Problem to work on:
No pictures in the copy, please: retype all the records exactly.

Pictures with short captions

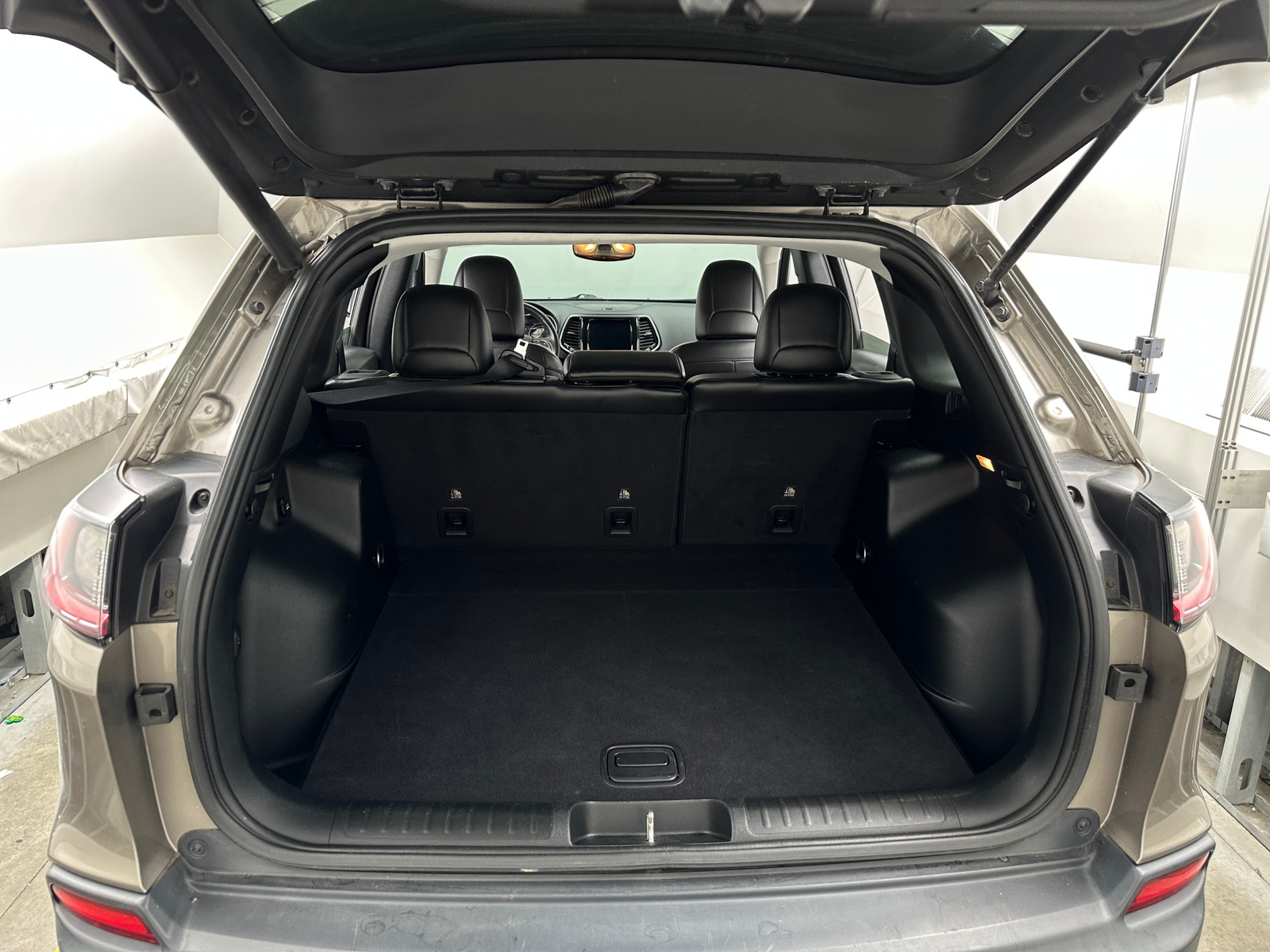 Thumbnail: 2019 Jeep Cherokee - 6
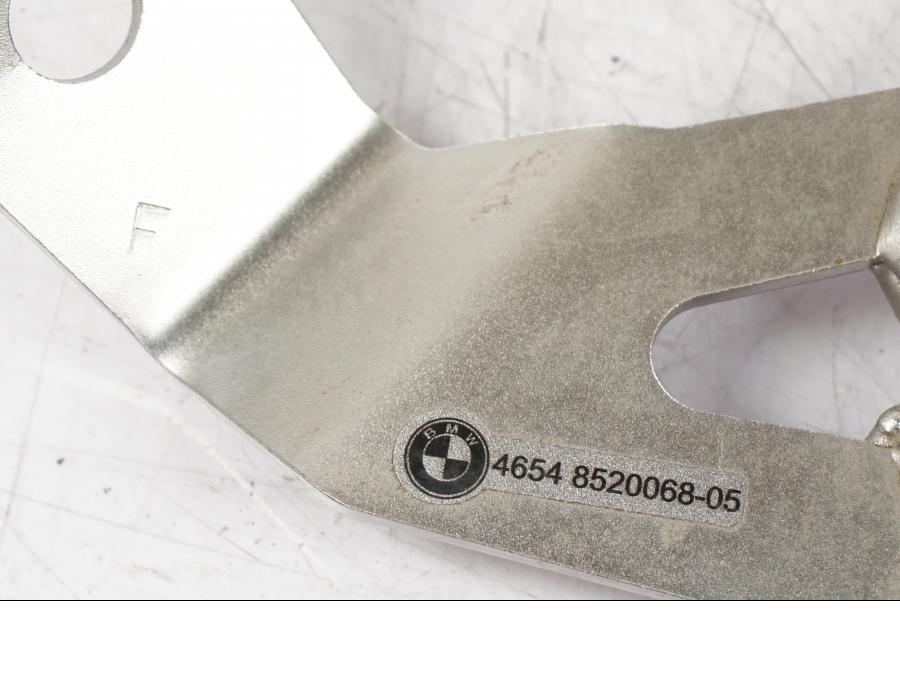 Extrabild5 på Sidoväskhållare från en BMW R 1250 GSA -2024 motorcykel.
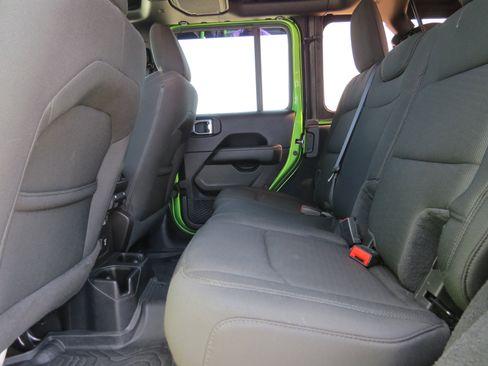 Used 2019 Jeep Wrangler Unlimited Sahara w/ Safety Group image 16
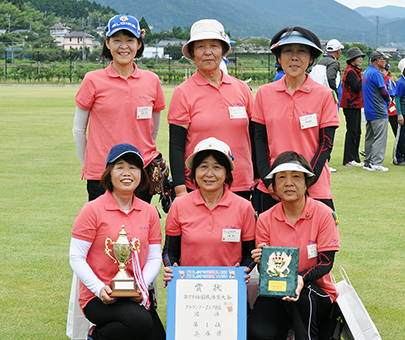 福井国体グラウンドゴルフ団体戦の優勝メンバー＝元塩グラウンドゴルフ同好会提供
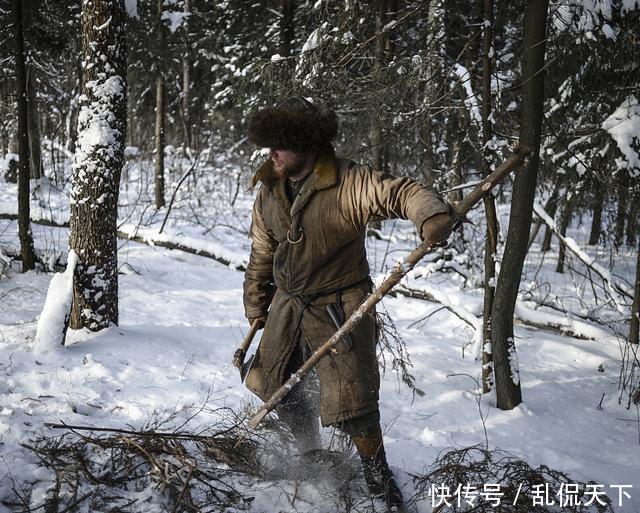  [现状]俄罗斯农村现状：农民懒风景美，中国游客多，原生态美女爱搭车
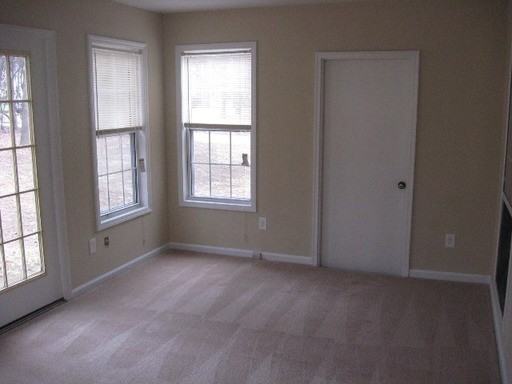 3305 Glen Hollow Rd - Photo 3 of 13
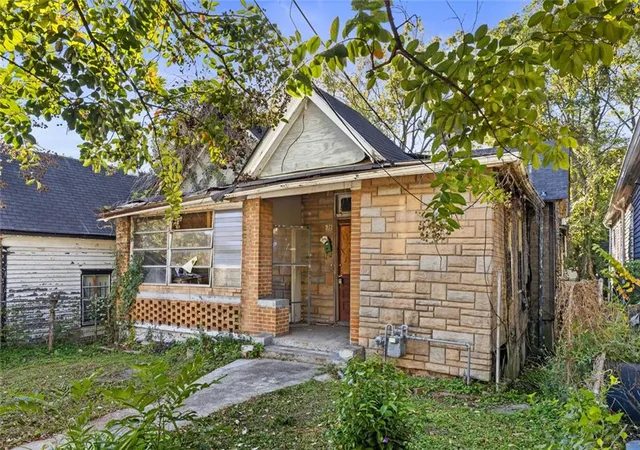 Photo 1 of Single family home for sale at 138 Howell St NE, Atlanta, GA 30312 | MLS# 7860355 | Listing updated on 2026-10-29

Your solution:
 Thumbnail: 2019 Jeep Cherokee - 6
 Extrabild5 på Sidoväskhållare från en BMW R 1250 GSA -2024 motorcykel.
 Used 2019 Jeep Wrangler Unlimited Sahara w/ Safety Group image 16
 福井国体グラウンドゴルフ団体戦の優勝メンバー＝元塩グラウンドゴルフ同好会提供
  [现状]俄罗斯农村现状：农民懒风景美，中国游客多，原生态美女爱搭车
 3305 Glen Hollow Rd - Photo 3 of 13
 Photo 1 of Single family home for sale at 138 Howell St NE, Atlanta, GA 30312 | MLS# 7860355 | Listing updated on 2026-10-29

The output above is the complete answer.